La vie réelle et la fiction se répondent de manière si sublime dans son œuvre qu’il n’y paraît pas. Ou alors, cela confère une étrangeté au récit qui n’est pas sans rappeler celle que l’on ressent lorsque surviennent les coïncidences les plus improbables.
On peut lire les romans de Paul Auster simplement pour la qualité du récit. On peut les décoder, ses livres se faisant écho pour fournir des indices, des clés pour (un peu) saisir le sens fuyant de l’existence. Puis on peut les analyser avec ferveur en raison des astucieux dispositifs littéraires employés pour mieux nous égarer dans une espèce de galerie des possibles qui donne le vertige.

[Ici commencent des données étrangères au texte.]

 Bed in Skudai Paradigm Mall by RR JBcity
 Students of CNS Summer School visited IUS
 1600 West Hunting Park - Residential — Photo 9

Car l’étourdissante question que posait souvent Auster était celle qui fait les histoires les plus captivantes : et si ? Et si je répondais à cette annonce, et si je suivais cet inconnu, et si je voyais un signe dans un accident et choisissais de changer de vie, de disparaître ?
Son œuvre repose (pour l’essentiel) sur l’idée qu’une seule et même personne recèle une sorte de rhizome de chemins possibles, son parcours étant dicté par les hasards de l’existence et quelques choix plus ou moins éclairés. Mais plus encore, demande-t-il : que se passe-t-il dans le cœur des gens qui mènent d’autres vies que les nôtres et pourtant nous ressemblent ?

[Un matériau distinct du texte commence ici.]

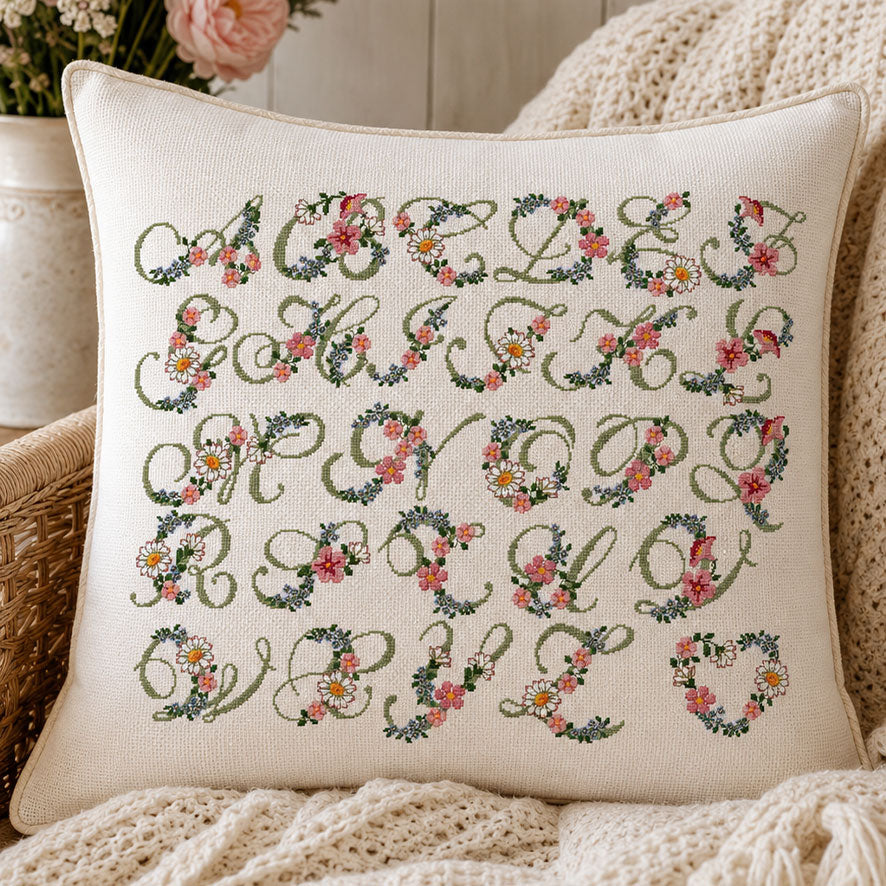Point de Croix Collector N°11 : 4 grilles exclusives sur les marquoirs et alphabets floraux. Livret broderie point de croix. 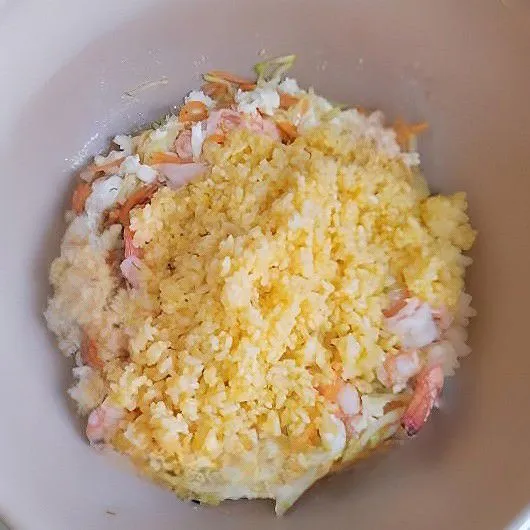 Tambahkan garam dan lada bubuk, lalu aduk sampai rata.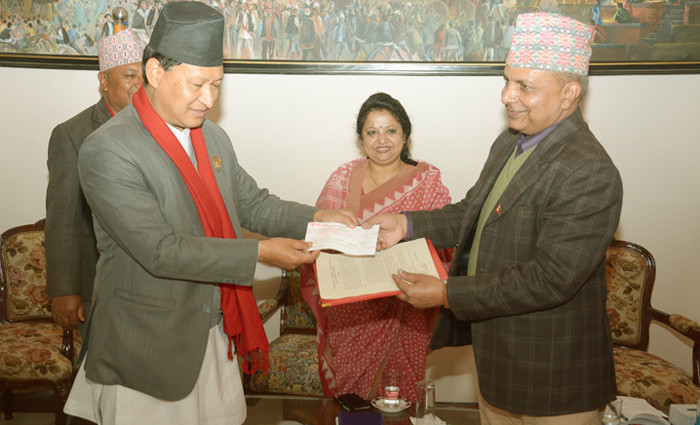 आरआर क्याम्पसलाई नेपाल भाषा पठनपाठन गर्न काठमाडौं महानगरपालिकाको आर्थिक सहयोग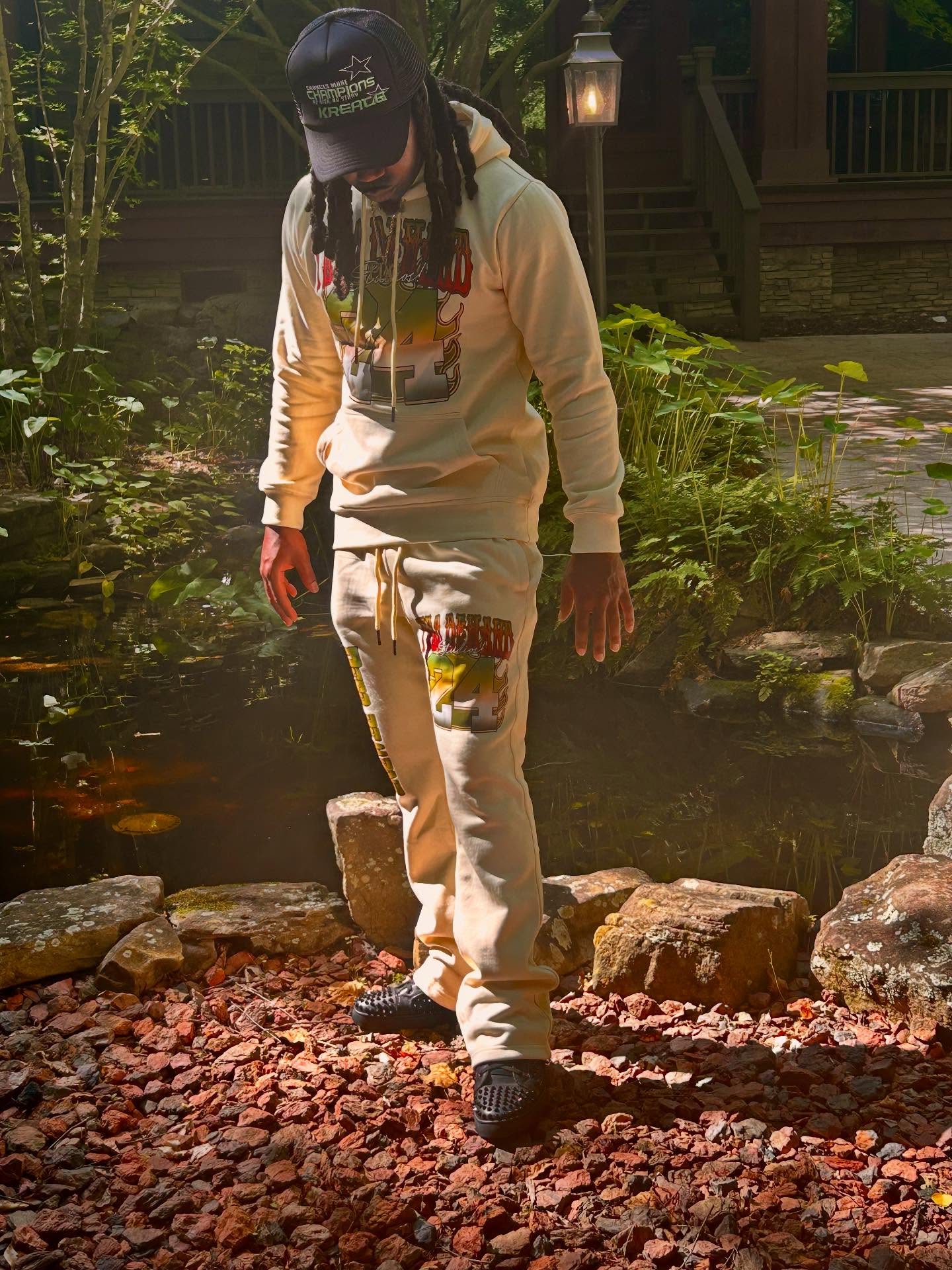 Peso Demand Studios Stacked Suit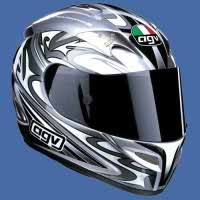 Menghilangkan Baret pada Kaca Helm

En résulte une sorte de célébration du double, une galerie de miroirs déformants où l’on se reconnaît, mais jamais tout à fait. L’Autre est un mystère insondable, admet-il dès son récit fondateur, L’invention de la solitude, à propos de la mort de son père. Et pourtant Auster ne cessera jamais d’essayer de comprendre ce qui se trame dans l’âme de son prochain.
Par un drôle de hasard, c’est mon père qui m’a fait découvrir ses livres, que j’ai lus dans le désordre. La musique du hasard, puis Moon Palace, puis Trilogie new-yorkaise, et après, je ne sais plus trop. Je me rends compte en passant son œuvre en revue, au lendemain de sa mort, que même si j’en ai décroché il y a quelques années, j’ai presque tout lu. Parfois à quelques reprises.

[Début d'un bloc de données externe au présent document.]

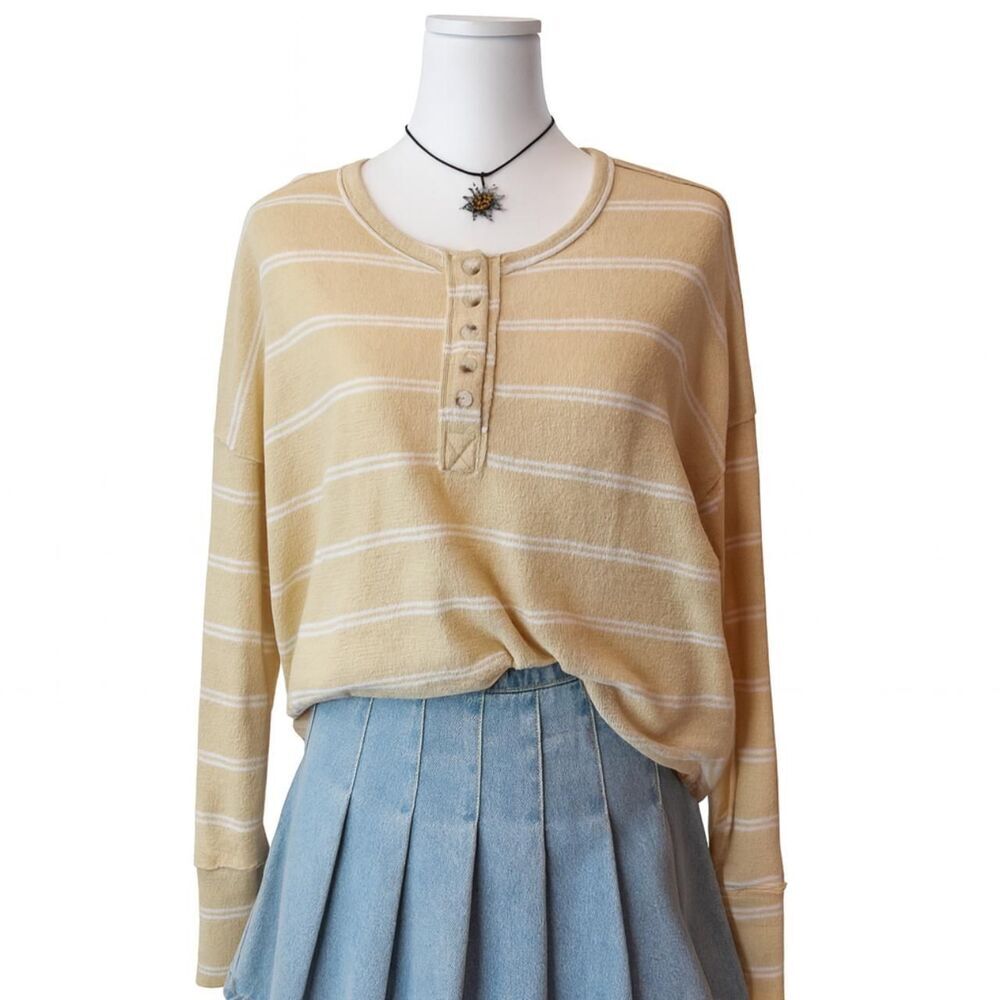 Billabong Yellow Striped Henley Top Women’s Medium Casual Coastal Surfcore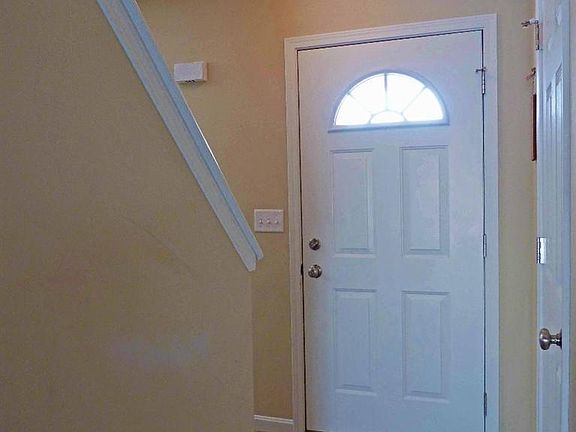 4th image of 705 Holland Ct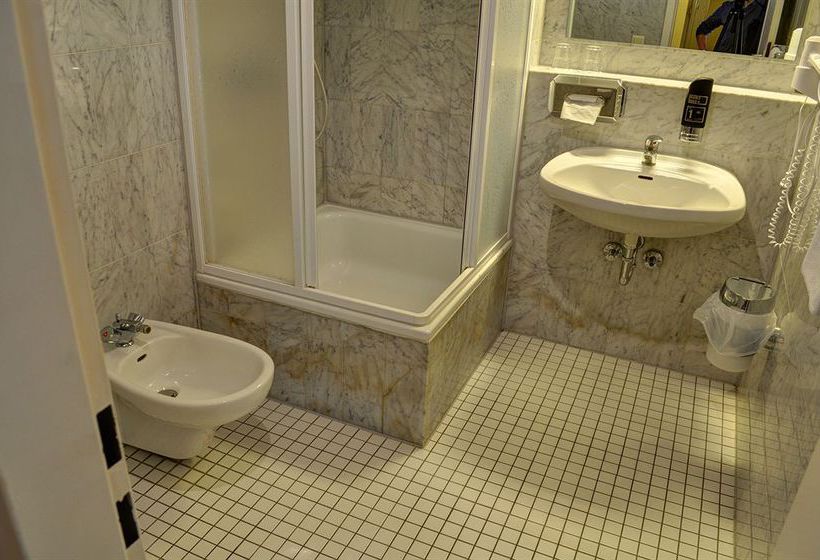 Olivaer Aparthotel am Kurfürstendamm 2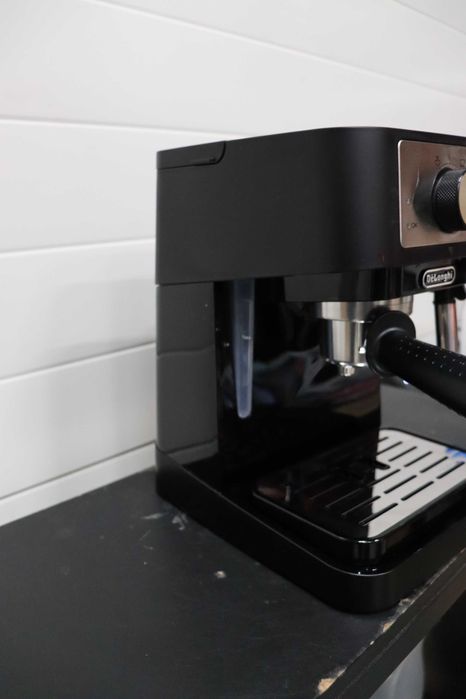 Еспресо кафемашина Delonghi Stilosa (EC 260.BK) 1100W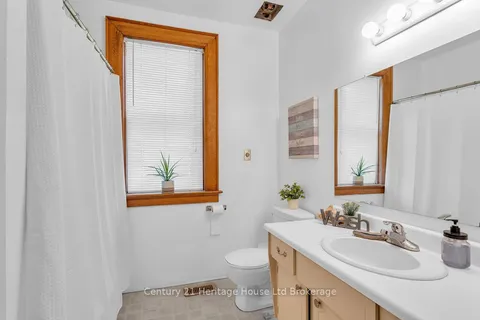 48 Brock Street, ON N4G 2A5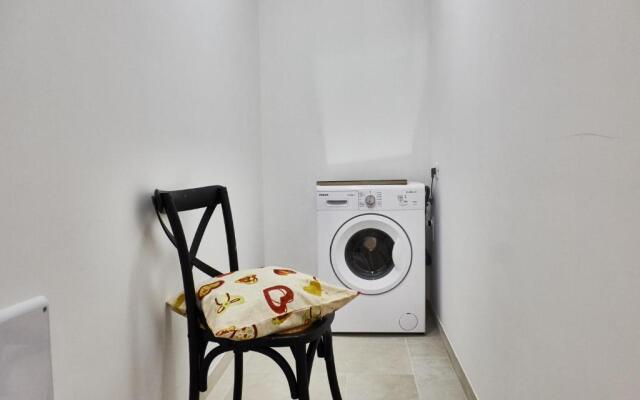 Equorum Prospectus 1 - OSTUNI CENTRO - Guest House
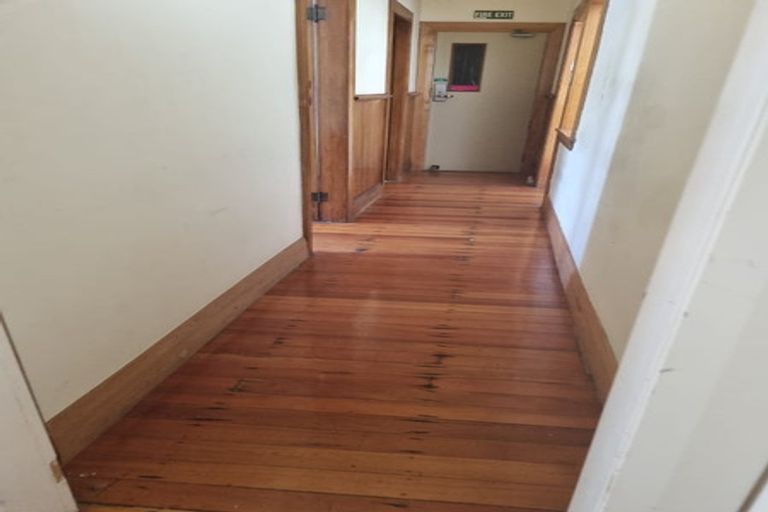 Photo of property in 48 Aurora Terrace, Kelburn, Wellington, 6012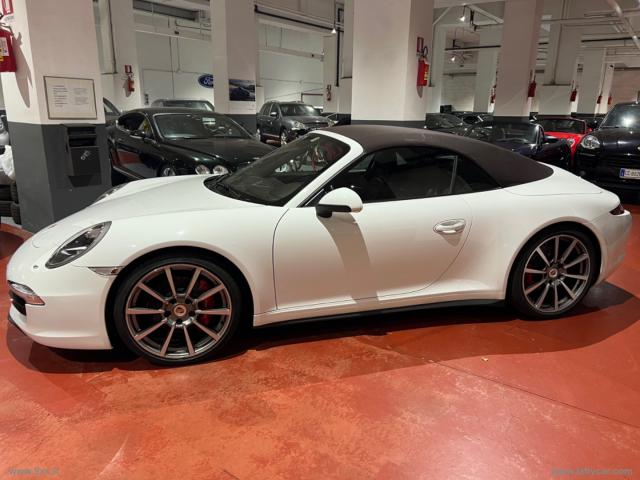 Auto - Porsche 911 3.8 carrera 4s cabriolet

C’est le cas du génial Léviathan, où, à la suite d’un accident dont il réchappe miraculeusement, l’auteur de fictions historiques Benjamin Sachs change de vie. On retrace l’errance destructrice dans laquelle il s’enfonce à travers les yeux de son double, un narrateur-auteur qui fut son ami. Le roman débute alors que Sachs refait surface dans la vie du narrateur en défrayant la chronique, mort en se faisant exploser alors qu’il assemblait une des bombes dont il se servait pour faire sauter des répliques de la statue de la Liberté un peu partout aux États-Unis.
Auster nous fait voir deux visions de l’idéalisme — l’une peut-être trop prudente, l’autre exaltée jusqu’à la folie —, deux manières de concevoir la résistance. S’il évoque dans Léviathan un terrorisme d’extrême gauche, antiétatique, à la manière du Unabomber, on ne peut faire autrement que de voir aujourd’hui quelque chose comme une image miroir de ce qui se produit avec l’extrême droite américaine. Une volonté aveugle de prendre une idée et de la mettre en action, peu importe les conséquences. Un absolutisme destructeur, effrayant, qui n’est qu’une option parmi d’autres dans le champ des possibles qui nous est offert.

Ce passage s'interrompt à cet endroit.